To bridge this gap, this work introduces an open-source Elasticsearch plugin that implements the interpolation-based re-ranking framework from Leonhardt et al. This plugin simplifies the adoption of hybrid re-ranking by making the technique easily accessible within existing pipelines.
Furthermore, this work explores learning-based optimization methods to optimize the interpolation constant α. The research investigates two main strategies: (1) direct, gradient-based optimization to determine an optimized global value for α , and (2) the development of lightweight adaptor models that dynamically predict context-aware α values for each query or query-document pair. These adaptors are based on Feedforward Neural Networks and Neural Tensor Network architectures.
Empirical results suggest that these learning-based methods, particularly the dynamic adaptors, can outperform traditional grid search methods for tuning α, due to their dynamic adjustment in a query/document basis.
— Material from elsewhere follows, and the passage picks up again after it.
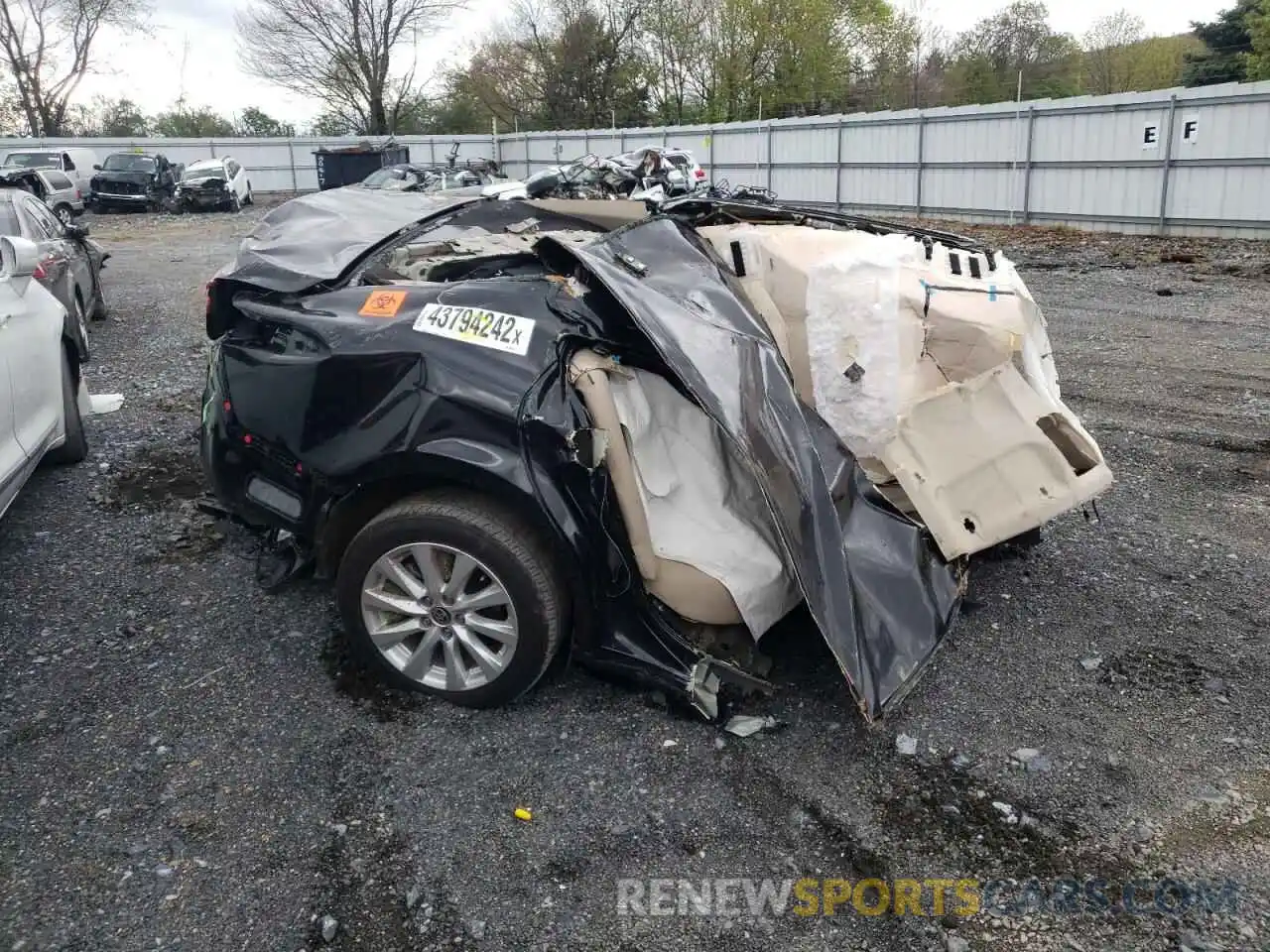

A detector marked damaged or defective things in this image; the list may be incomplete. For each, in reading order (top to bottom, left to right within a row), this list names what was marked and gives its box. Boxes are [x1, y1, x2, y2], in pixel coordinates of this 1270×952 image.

The benefits were especially strong in out-of-domain scenarios, where the adaptors showed improved performance for encoders that were not pre-trained on the target domain, without requiring fine-tuning of the full backbone architecture.
This work delivers a practical, easy-to-use tool for hybrid re-ranking in Elasticsearch, a novel methodology for optimizing its core re-ranking parameter, and proposes adaptor models that can deliver better performance than a fixed interpolation value in hybrid re-ranking.